Work required
Keep only the lines of the data below that contain "Ford", and copy them.

Supplied data
########
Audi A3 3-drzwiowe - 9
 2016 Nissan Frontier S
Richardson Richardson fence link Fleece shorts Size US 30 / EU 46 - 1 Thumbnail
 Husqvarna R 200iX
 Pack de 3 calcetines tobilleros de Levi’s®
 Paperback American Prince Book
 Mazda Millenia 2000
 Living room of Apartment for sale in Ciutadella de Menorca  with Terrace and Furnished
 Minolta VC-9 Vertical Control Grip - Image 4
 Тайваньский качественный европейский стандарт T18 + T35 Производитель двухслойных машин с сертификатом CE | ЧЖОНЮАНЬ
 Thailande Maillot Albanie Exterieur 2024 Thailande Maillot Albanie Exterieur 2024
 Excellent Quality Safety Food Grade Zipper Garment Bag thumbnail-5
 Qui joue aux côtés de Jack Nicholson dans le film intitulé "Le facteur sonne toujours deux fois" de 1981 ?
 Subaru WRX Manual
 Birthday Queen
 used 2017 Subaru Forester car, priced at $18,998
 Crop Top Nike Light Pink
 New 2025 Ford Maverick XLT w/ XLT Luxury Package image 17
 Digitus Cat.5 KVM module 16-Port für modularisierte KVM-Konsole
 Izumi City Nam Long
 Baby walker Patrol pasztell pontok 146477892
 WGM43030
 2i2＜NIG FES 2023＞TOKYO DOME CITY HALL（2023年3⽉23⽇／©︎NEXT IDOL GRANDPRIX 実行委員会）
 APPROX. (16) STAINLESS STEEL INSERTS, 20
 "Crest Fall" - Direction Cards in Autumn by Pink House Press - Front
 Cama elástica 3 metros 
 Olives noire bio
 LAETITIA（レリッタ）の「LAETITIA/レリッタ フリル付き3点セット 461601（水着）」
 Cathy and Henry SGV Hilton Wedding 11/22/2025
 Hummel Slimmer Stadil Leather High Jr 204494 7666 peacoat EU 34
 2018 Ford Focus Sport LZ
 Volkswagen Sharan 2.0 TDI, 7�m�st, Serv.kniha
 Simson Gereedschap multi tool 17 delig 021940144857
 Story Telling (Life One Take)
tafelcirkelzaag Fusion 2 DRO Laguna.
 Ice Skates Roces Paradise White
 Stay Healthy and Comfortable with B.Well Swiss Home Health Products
########
Answer for the task
 New 2025 Ford Maverick XLT w/ XLT Luxury Package image 17
 2018 Ford Focus Sport LZ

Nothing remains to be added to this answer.